+++ Records provided

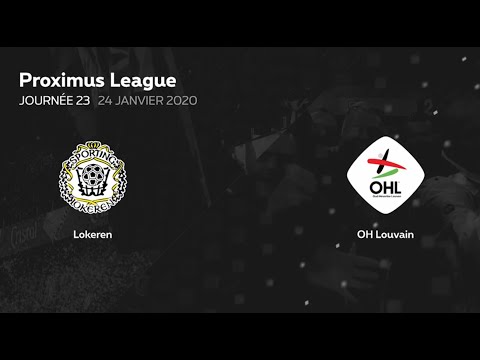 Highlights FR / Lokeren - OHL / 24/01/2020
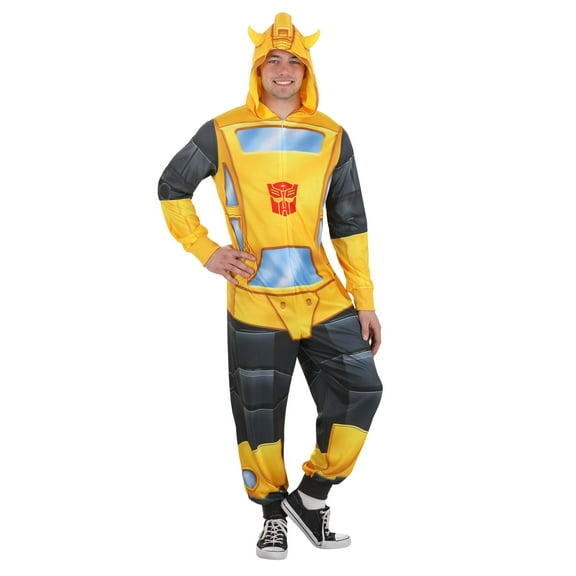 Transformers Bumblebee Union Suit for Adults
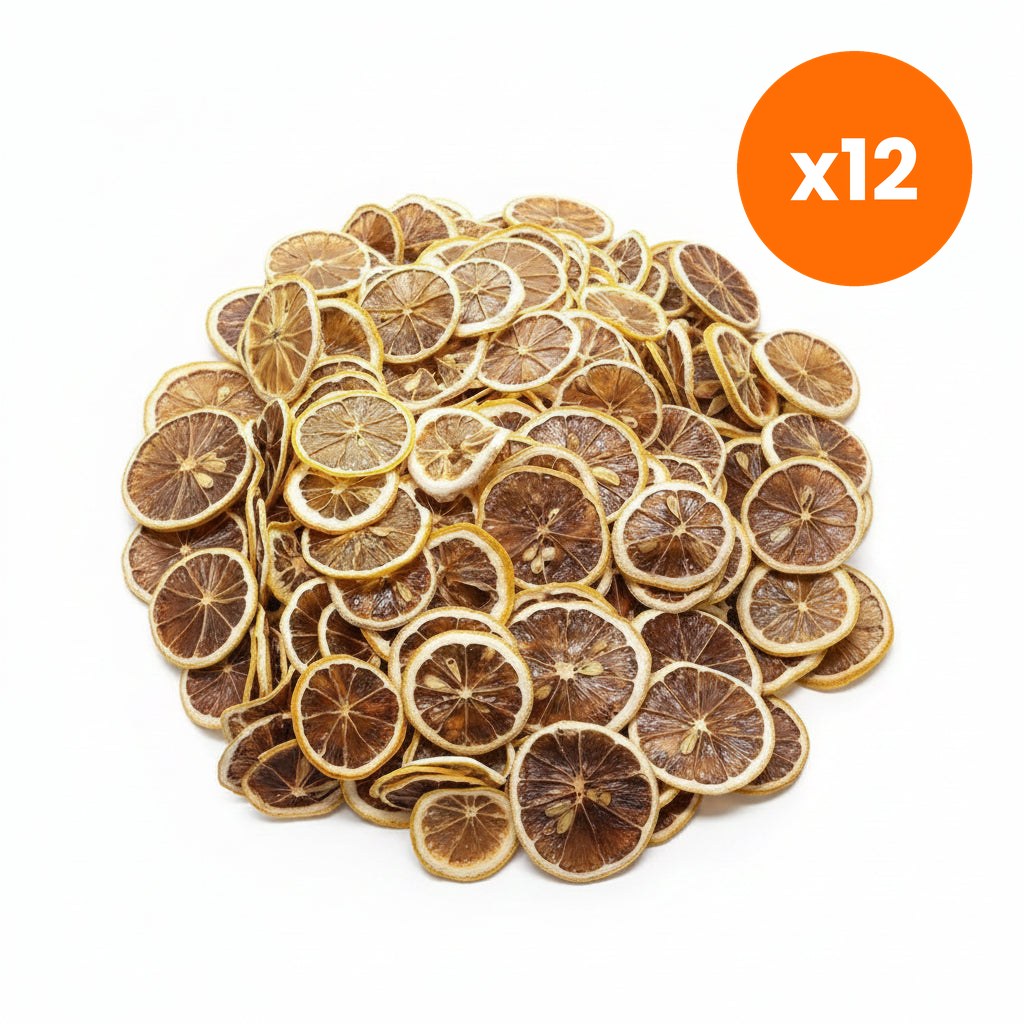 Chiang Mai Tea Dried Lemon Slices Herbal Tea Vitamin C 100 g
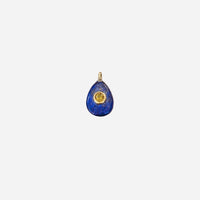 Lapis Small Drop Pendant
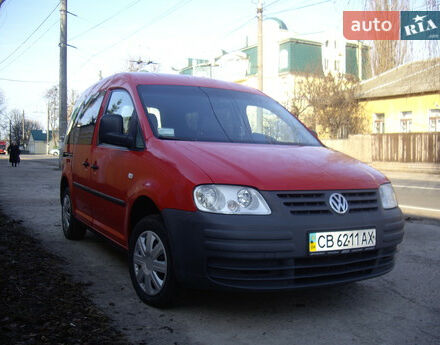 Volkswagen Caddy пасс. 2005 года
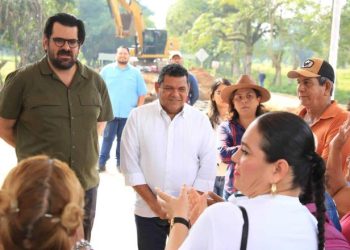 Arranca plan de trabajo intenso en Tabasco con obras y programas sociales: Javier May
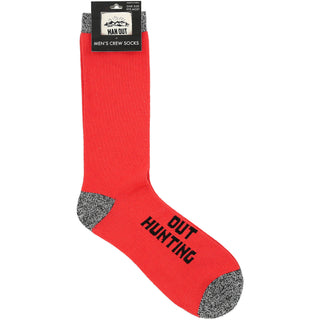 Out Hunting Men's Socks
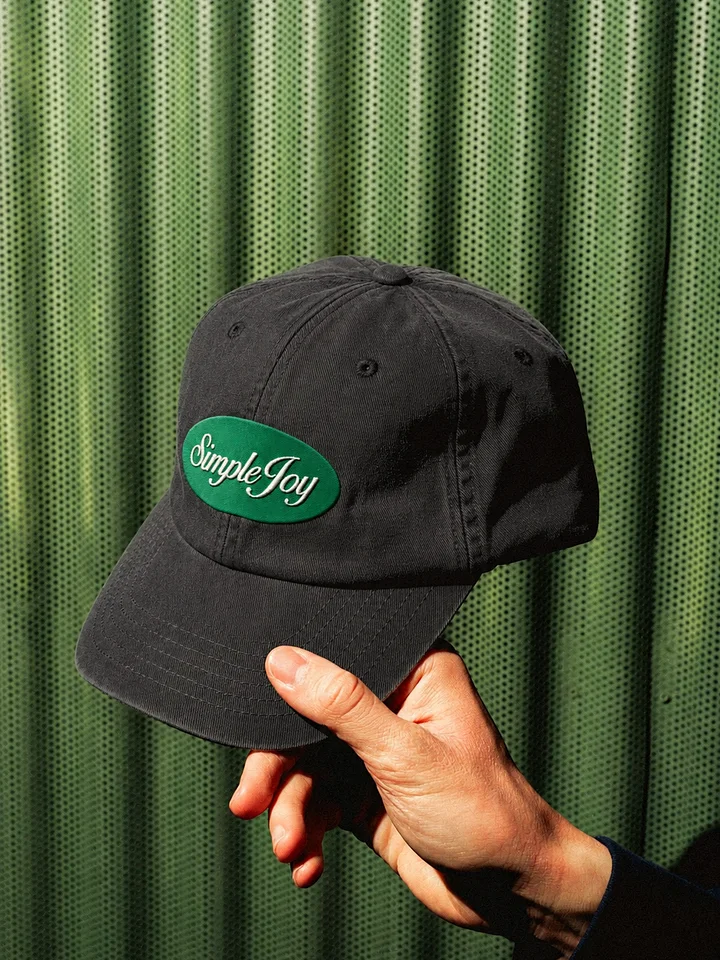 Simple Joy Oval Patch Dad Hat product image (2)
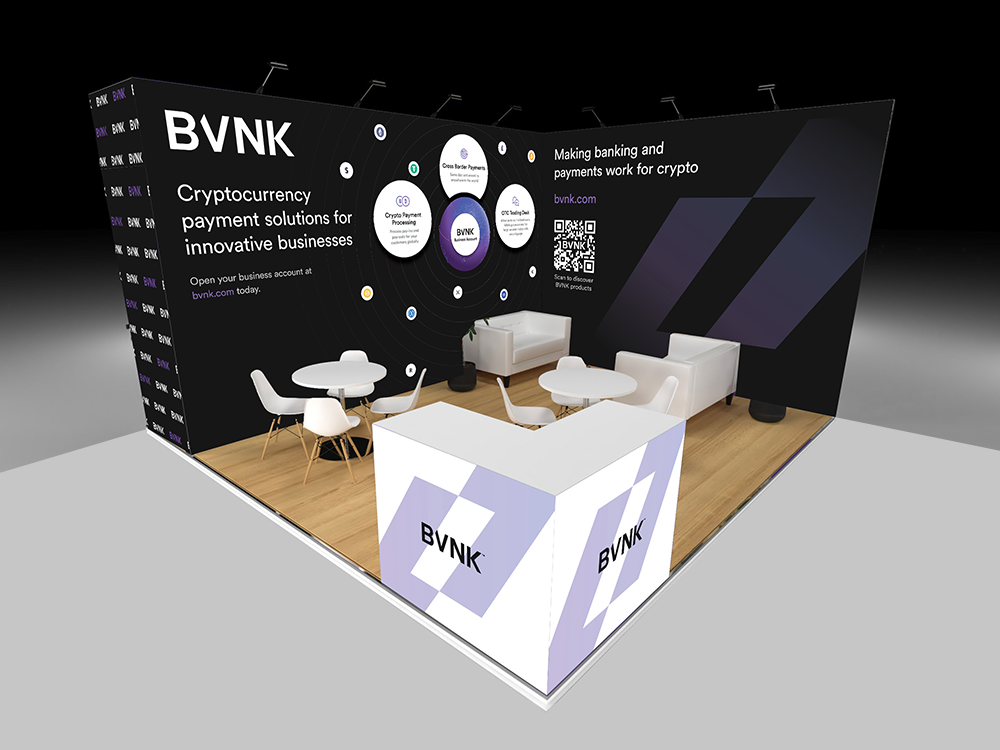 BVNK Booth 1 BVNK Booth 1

++++++

→ **To do**: Copy exactly, and copy only, the lines from the one bearing "Lapis Small Drop Pendant" through the closing line of the material, with both ends kept and pictures removed.

→ **Solution to this problem**:
 Lapis Small Drop Pendant
 Volkswagen Caddy пасс. 2005 года
 Arranca plan de trabajo intenso en Tabasco con obras y programas sociales: Javier May
 Out Hunting Men's Socks
 Simple Joy Oval Patch Dad Hat product image (2)
 BVNK Booth 1 BVNK Booth 1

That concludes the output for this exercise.